Serap’ın bu hallerini, babası eşinin yetiştirme konusundaki zayıflığına, annesi ise iki erkek evlattan sonra olduğu için gösterdiği fazla müsamahaya bağlıyordu. Anne ve babasının ortak görüşte olduğu nokta ise bundan sonra Serap’a yol yordam öğretmek gerektiğiydi. Geçen hafta gittikleri akraba düğününden sonra Serap’a, kendilerince bir çeki düzen vermekte kararlıydılar. O düğünde annesi, kızını iki dirhem bir çekirdek giydirirken, kendi emsallerinin arasına karışıp, onlarla sohbet etmesini tembihlemişti. Düğünden eve dönene kadar Serap, annesinden azar işitti o gün. Neden o kızlar sohbet ederken, o ağzını açıp konuşmamış; oyun havası çalarken, onlar kalkıp oynadığı sırada o neden sandalyenin koluna yapışıp kalmış; elinden bırakmadığı tek kolu kırık oyuncak bebeğe, öbür çocuklar bakıp gülmüş; komşusu, bu kıza çok yüz veriyorsunuz, on üç yaşına geldi halen ufacık bir çocuk gibi, demiş. Annesinden azar işittiği süre boyunca yine annesine sığınıp onun koluna sarılıp yürüdü. Bazı zamanlarda olduğu gibi yol boyunca ayakları ara ara birbirine dolandığı için tökezledi. Eve dönünce, olanları duyan babası nasıl olduysa onu bu sefer azarlamadı. Eşine çıkıştı. “Bu kızı sen yetiştiremiyorsun, kabahat senin!”
 
Serap’ın, üniversite son sınıfa giden abisi, okul masrafları için tatillerde çalıştığından, ailesine hasret yaşıyordu. Kardeşinin durumu onun gözünden kaçmamış ve onun gidişatında bir aksilik olduğunu anlamış olsa da anne ve babası her seferinde sert bir dille, “kardeşin sadece içine kapanık, başka da bir sorunu yok!” diyerek konuyu kapatmıştı. Okul bittiği için bir süre ailesi ile hasret giderip öyle işe başlamaya karar verdi.
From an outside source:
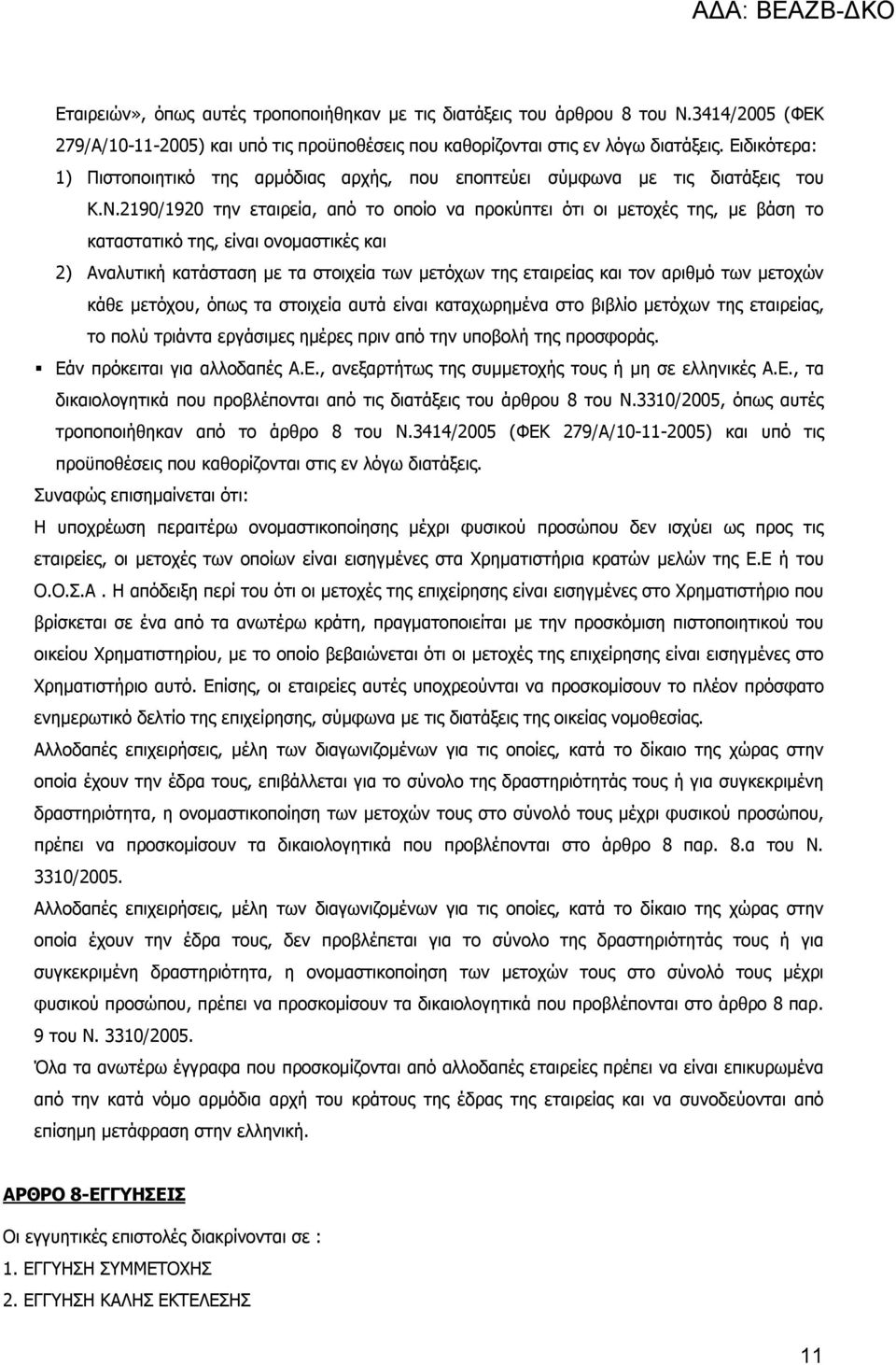 2190/1920 την εταιρεία, από το οποίο να προκύπτει ότι οι μετοχές της, με βάση το καταστατικό της, είναι ονομαστικές και 2) Αναλυτική κατάσταση με τα στοιχεία των μετόχων της εταιρείας και τον αριθμό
Bu gelişinde Serap’ı kısa bir süre gözlemleyip durumun hiç iyiye gitmediğini anlayınca yeniden anne ve babası ile konuştu. Karşılık olarak yine ikisinden de azar işitti hem de bu sefer daha şiddetli bir şekilde…
 
O sabah yüksek ateşle uyanan Serap’ın gün boyu ateşi düşmeyince hastaneye götürmeye karar verdiler. Komşularından, arabası ile onları hastaneye götürmesini rica edip hemen yola koyuldular.
 
Hastanedeki muayene sırasında doktor, Serap’ın anne ve babasına, “kızınız otizmli olduğu için bünyesi çok hassas, ilaçları mutlaka tarif edeceğim şekilde muntazam kullanın,” dedi. Bunun üzerine, ikisi birden, “otizm ne ki nasıl bir hastalık?” diye sordu. Doktor durumu özlerken, araya girdiler. “Doktor bey bizim kızımız çok utangaç, o bahsettiğiniz hastalıktan bizim kızda yoktur.”
 
Doktor, bu konuda üzerlerine gitmedi fakat durumun, anne ve babanın bilinçsizliği sebebiyle gayet ciddi olduğunun farkındaydı. Bu sebeple, Serap’ı mutlaka tekrar görüp, ona bazı testler yapılarak özel bir eğitime alınması gerektiğini düşündü. “Bu ilaçlar ateşini düşürüp onu rahatlatır ama yan etkileri var, siz ilaçlar bitince mutlaka kontrole getirin,” demek zorunda kaldı. Onları daha doğrusu Serap’ı bu bahane ile mutlaka tekrar görmeliydi.
 
Serap’ın anne ve babası iyi insanlardı. Üç erkek çocuktan sonra, geçen on yılın ardından kız evlat sahibi olunca dünyalar onların olmuştu. Kızlarının geleceği için birbirinden güzel hayaller kurmuşlardı. Onlara göre kızlarının bu hali tüm hayallerini alt üst etmişti. Hâlbuki bir bilselerdi Serap, işlenip pırlantaya dönüşmeyi bekleyen bir elmastı, etrafındakilerin onu anlamayıp sıradan taş olarak gördüğü bir elmas…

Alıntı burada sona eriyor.